Wednesday, May 16, 2018
I wish I could say that I understood Tayeb Salih's novel, Season of Migration to the North. It reminds me of the works of Albert Camus, opaque and nonlinear, a story related by a questionably reliable narrator in episodes that convey its themes of colonialism and the fragmentation of post-colonial Sudan.
I wish I had more understanding of how the unnamed narrator's status as a British-educated scholar, returned to his home village, leads to his acquaintance with the mysterious Mustafa Sa'eed, likewise a British-educated Arab who leverages his Western education and his Occidental looks and ways into a serious of sexual conquests, always ending in disaster for the British women in question.
I wish I had engaged with the characters more.
I wish I had cared enough to follow the twists and turns of this novel, as its plot points wind through and arranged marriage, female circumcision, sexual adventurism, and culture wars.
I wish I had read this in school, so a professor and my classmates could lead me through the maze and light up the dark corners.
"Did you love Mustafa Sa'eed?" I suddenly asked her.
She did not answer. Though I waited a while she still did not answer. Then I realized that the darkness and the perfume were all but causing me to lose control and that mine was not a question to be asked at such a time and place.

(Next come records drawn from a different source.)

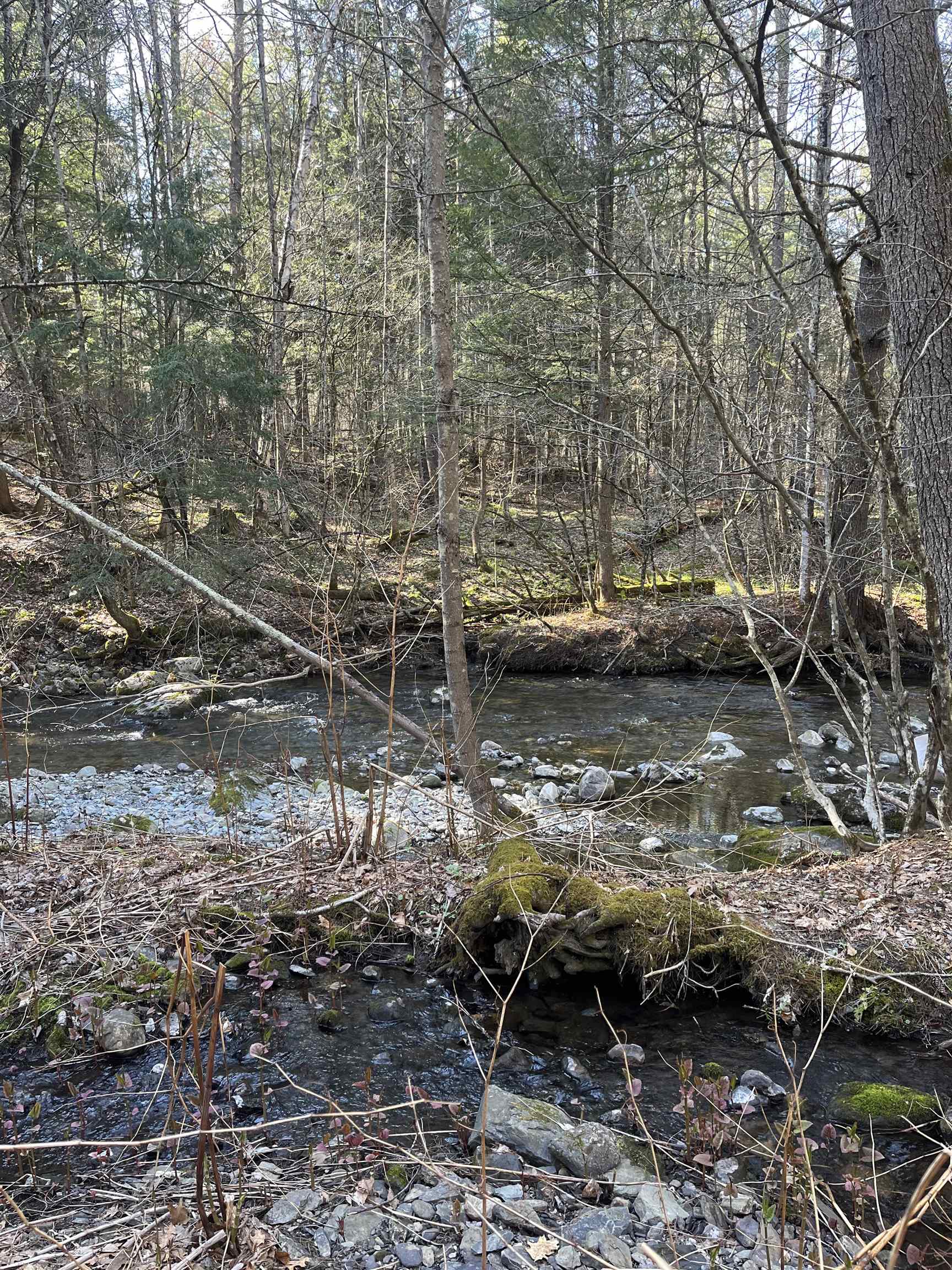 2537 East Hubbardton Road Castleton, VT 05735 - Photo 49 of 52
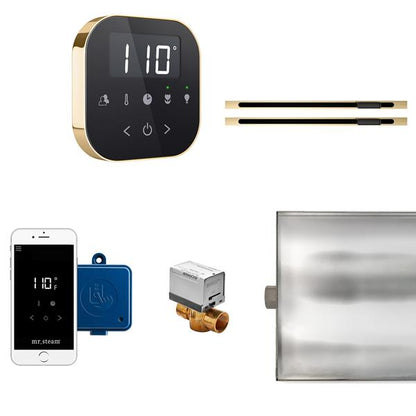 Mr. Steam - Airbutler Max Linear Steam Shower Control Package With Airtempo Control And Linear Steamhead
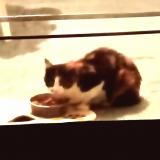 Picture of cat found at Prefailles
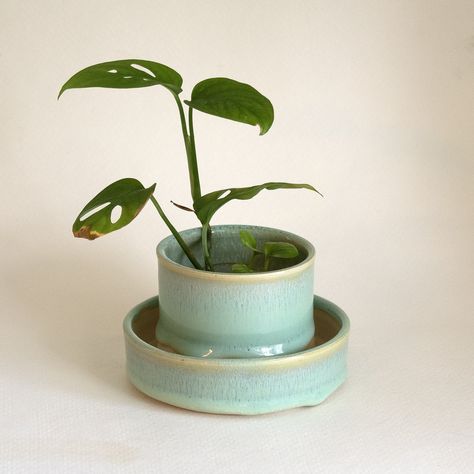 Small Ceramic Planter, 2.5 X 2.5 handmade Ceramic, Wheel Thrown, 1 Drainage Hole, Attached Base Plate, Bottom Watering, 12 Colors - Etsy Cute Ceramic Planters, Ceramic Plant Pots Diy, Pottery Wheel Planter, Flower Pots Ceramic, Small Wheel Thrown Pottery, Ceramic Watering Pot, Ceramic Plate Decoration, Handmade Plant Pot, Pottery Planters Handmade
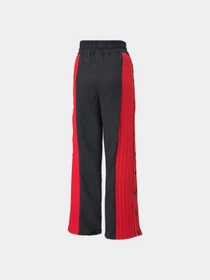Брюки PUMA Diggins Breakaway Pant модель 532498 Фото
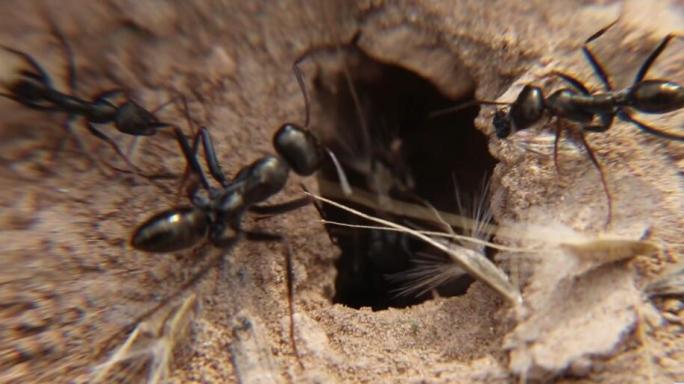 高清蚂蚁拍摄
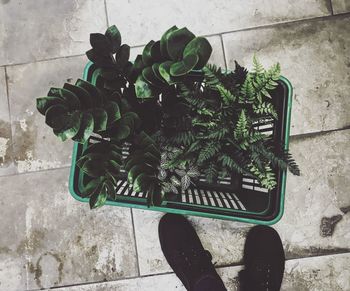 Low section of person standing on potted plant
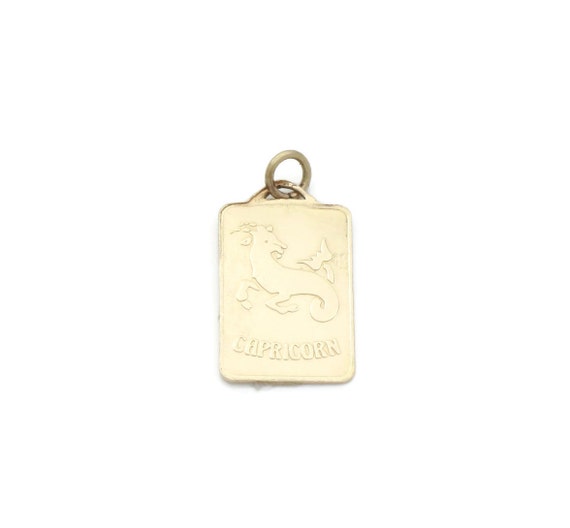 Vintage Capricorn Pendant, Zodiac Pendant, Caprico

However, it was not long before her voice breached a gap in the darkness and broke through to my ear. "He was the father of my children." If I am right in my belief, the voice was not sad, in fact it contained a caressing tenderness. I let the silence whisper to her, hoping she would say something further. Yes, here it was: "He was a generous husband and a generous father. He never let us want for anything in his whole life."
. . . Suddenly a large opening occurred in the darkness through which penetrated a voice, this time a sad one with a sadness deeper than the bottom of the river. "I think he was hiding something," she said.
I read this book for the Mount TBR Reading Challenge.